I had a few failures. This is my current method and I'm happy with the results.
Throw away the glaze packet that comes with the ham. It's sitting on a Frog Mat on an upside down Bradley Smoker rack.
Glaze½ cup Orange Juice
½ cup Apple Juice
¼ cup Brown Sugar
¼ cup Honey
Sugar Mix½ cup Brown Sugar
½ cup Natural Sugar in the Raw (Turbinado Sugar)
½ teaspoon Ground Ginger
½ teaspoon Cinnamon
½ teaspoon Fresh Ground Nutmeg
½ teaspoon Spanish Paprika
Directions- Leaving ham's inner plastic or foil covering intact, place ham in large container and cover with hot tap water; set aside for 45 minutes. Drain and cover again with hot tap water; set aside for another 45 minutes.

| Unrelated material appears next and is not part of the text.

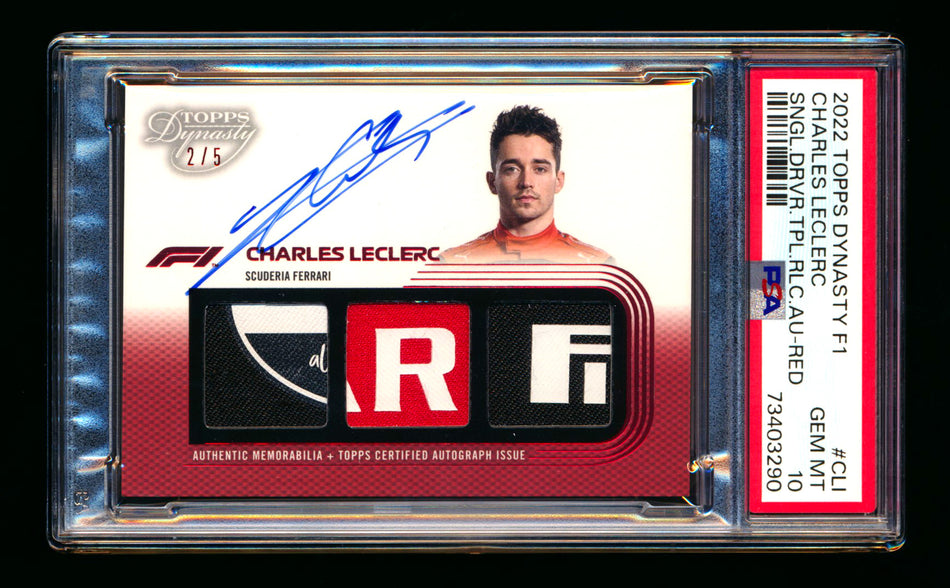 2022 Topps Dynasty F1 #SDTRA-CLI Charles Leclerc Red Triple Patch Autograph #2/5 PSA 10 Gem Mint ** (SOLD eBay - $1795.00 - 6/8/2025) **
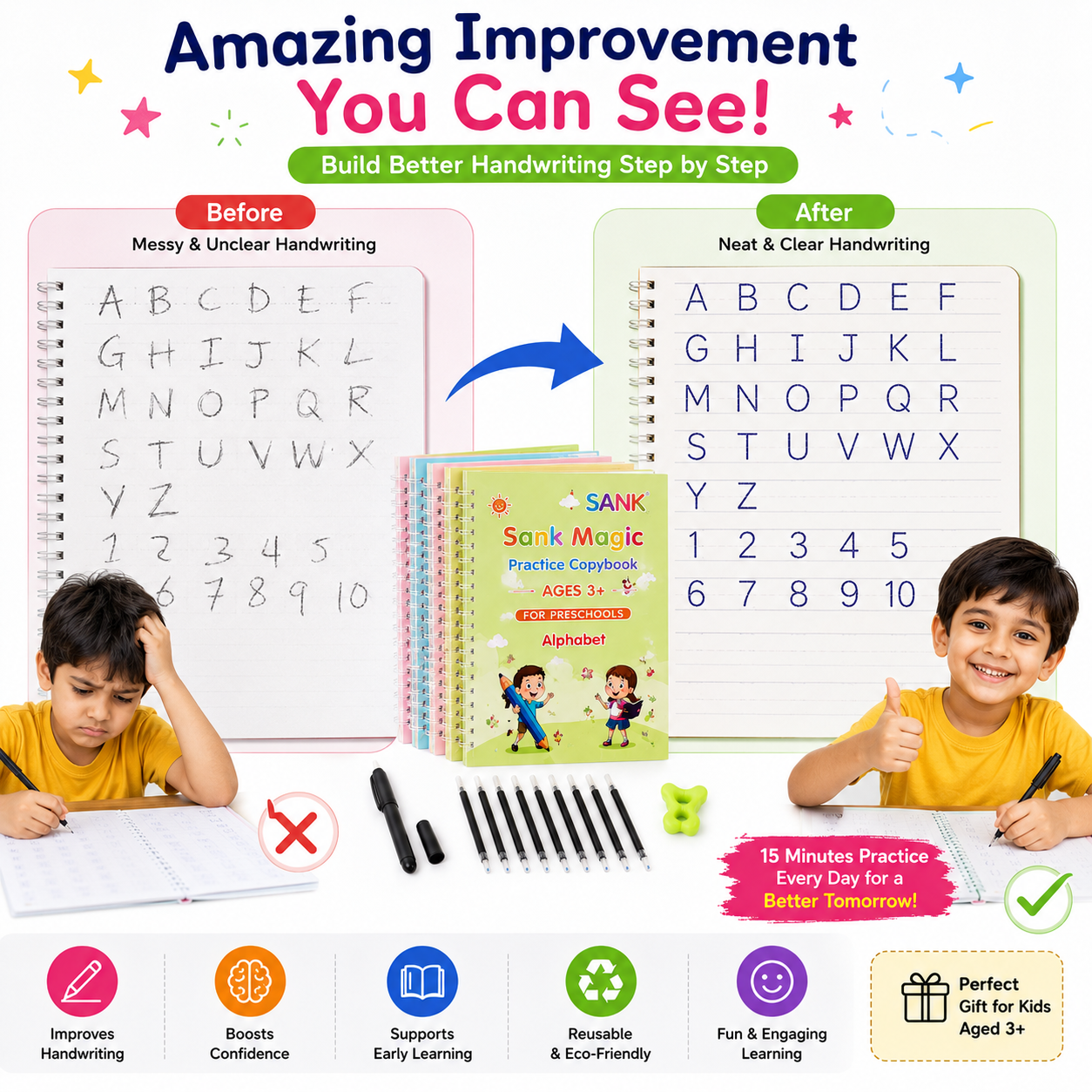 Magic Handwriting Practice Copybook Set (4 Books + Pen + 10 Refills + Grip)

- Rub the ham with the glaze squirted from a bottle. (Put the ham in a pan to reduce the mess.)
- Shake on a heavy coating of the sugar mix.
- Smoke at 275°F to 300°F for 2½ to 3 hours.
- Drizzle glaze liquid on each hour.
- Remove it from the smoker when the internal temperature is 140°F.
I tried to get this one up to 140°F rapidly so I raised the temperature and scorched the sugar glaze. We served it at church and no one complained.
EDIT: Removed extra characters generated by system update.